After a front page and introductory slide or two, we launched into the important question you see above.  I've asked this question of college seniors, kindergartners, and students of all ages and grades in between.  Unfortunately, the answers often indicate that poetry is a chore.  Many students have a negative association with poetry in the way it was first taught and presented to them at a young age.  So I collected some of the answers I've heard and put them in a wordle.


 At this point I broke the responses down for students.  There are technical replies (metaphor, rhyme,
iambic pentameter), there are forms (sonnets), there are famous poets (Whitman, Dickinson, Shakespeare), and of course there are emotional reactions (boring, hard-to-understand, I-don't-get-it).  Sure, these are valid replies.  But I don't think they help me driving home my point: poetry is accessible!  We make it inaccessible, whether we are scared off by it at a young age, or because we scare ourselves off from it by feeling like we have to discover a poem's ever elusive "point."
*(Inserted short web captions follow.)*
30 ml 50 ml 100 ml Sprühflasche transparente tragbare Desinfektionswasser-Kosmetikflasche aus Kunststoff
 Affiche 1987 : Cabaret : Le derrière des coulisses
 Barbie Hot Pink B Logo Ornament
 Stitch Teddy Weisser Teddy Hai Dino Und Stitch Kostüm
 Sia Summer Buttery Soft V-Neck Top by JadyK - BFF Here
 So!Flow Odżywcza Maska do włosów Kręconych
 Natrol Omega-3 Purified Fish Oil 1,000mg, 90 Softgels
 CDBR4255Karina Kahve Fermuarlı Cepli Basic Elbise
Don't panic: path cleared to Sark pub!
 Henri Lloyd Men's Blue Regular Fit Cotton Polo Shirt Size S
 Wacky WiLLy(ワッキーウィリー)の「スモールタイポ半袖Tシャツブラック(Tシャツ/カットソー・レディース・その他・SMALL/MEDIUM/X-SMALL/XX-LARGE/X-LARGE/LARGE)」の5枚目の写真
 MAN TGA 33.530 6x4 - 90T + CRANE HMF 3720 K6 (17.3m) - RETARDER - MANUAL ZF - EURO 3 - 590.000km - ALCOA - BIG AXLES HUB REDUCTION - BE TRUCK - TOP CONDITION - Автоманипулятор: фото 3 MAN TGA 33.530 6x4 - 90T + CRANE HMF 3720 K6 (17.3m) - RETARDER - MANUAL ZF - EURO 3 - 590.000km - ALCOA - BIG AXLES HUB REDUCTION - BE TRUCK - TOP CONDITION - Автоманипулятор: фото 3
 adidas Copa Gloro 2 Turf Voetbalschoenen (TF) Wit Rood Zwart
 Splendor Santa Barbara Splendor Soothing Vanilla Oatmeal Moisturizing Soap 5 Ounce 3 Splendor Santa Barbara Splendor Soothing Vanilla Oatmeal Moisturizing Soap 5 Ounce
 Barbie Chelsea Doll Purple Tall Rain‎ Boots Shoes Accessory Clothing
So how did I turn the tables on the students? I asked them the same question I asked about poetry, but this time I asked it about music (When you hear the word music, what words and images appear in your brain?).  Hands shot up, minds churned, ideas were shared.  This was exactly what I wanted.  I showed the wordle responses on the poetry question again.  I told the students, think about the answers they just came up with for music (Rap, Grunge, Drake, Rihanna, MTV, Palladia, radio stations, and lots of types of dances).  The answers on the poetry wordle would be the equivalent of Bach, Gregorian Chant, Oboes, and Elevator Music to the same music question.  We need to give poetry a chance, starting with the poetry that is written today, otherwise we are focusing on the history of poetry, as opposed to its vibrant and dynamic present. 

There are many reasons we don't give poetry a chance: disinterest, lazy, fearful, too busy, thinks it's only for smart people, feels it's not accessible.  So the question then becomes, how do we make poetry accessible?  This is certainly a larger and longer discussion that I couldn't have with the whole school (I'd love to revamp some of the ways that poetry is presented in elementary and middle school).  Instead, I focused on what I could control---why not urge all students to buy/rent a single book of poetry.  I asked the audience to raise their hands to the question of how many of you have a television in your house?  Some of them have multiple televisions in their home.  I then asked them to keep their hands up in they have a book of poetry in their house.  The hands rapidly dwindled.  I finally asked how many of you have a book of poetry written in the last fifteen years.  The remaining raised hands were few, but proudly shooting up to signify their attachment to poetry.

It was now time to turn to some examples of poetry in the form of audio and video clips of poetry.  I started with Frost (audio), then moved on to Angelou (video), and ended with some spoken word from Lemon Andersen by way of Reg E Gaines (video performance).  The idea was to show a progression of poetry, a natural movement through the last century that continues with what is being written and performed today, including anything these students in the audience might contribute.  


The presentation ended with some specific opportunities to get move involved in poetry at our school and in our local community.  In my allotted 12 to 15 minutes, I tried to pack in as much as possible to get students (and faculty) thinking deeply about poetry and their own personal relationship (or lack thereof) with poetry.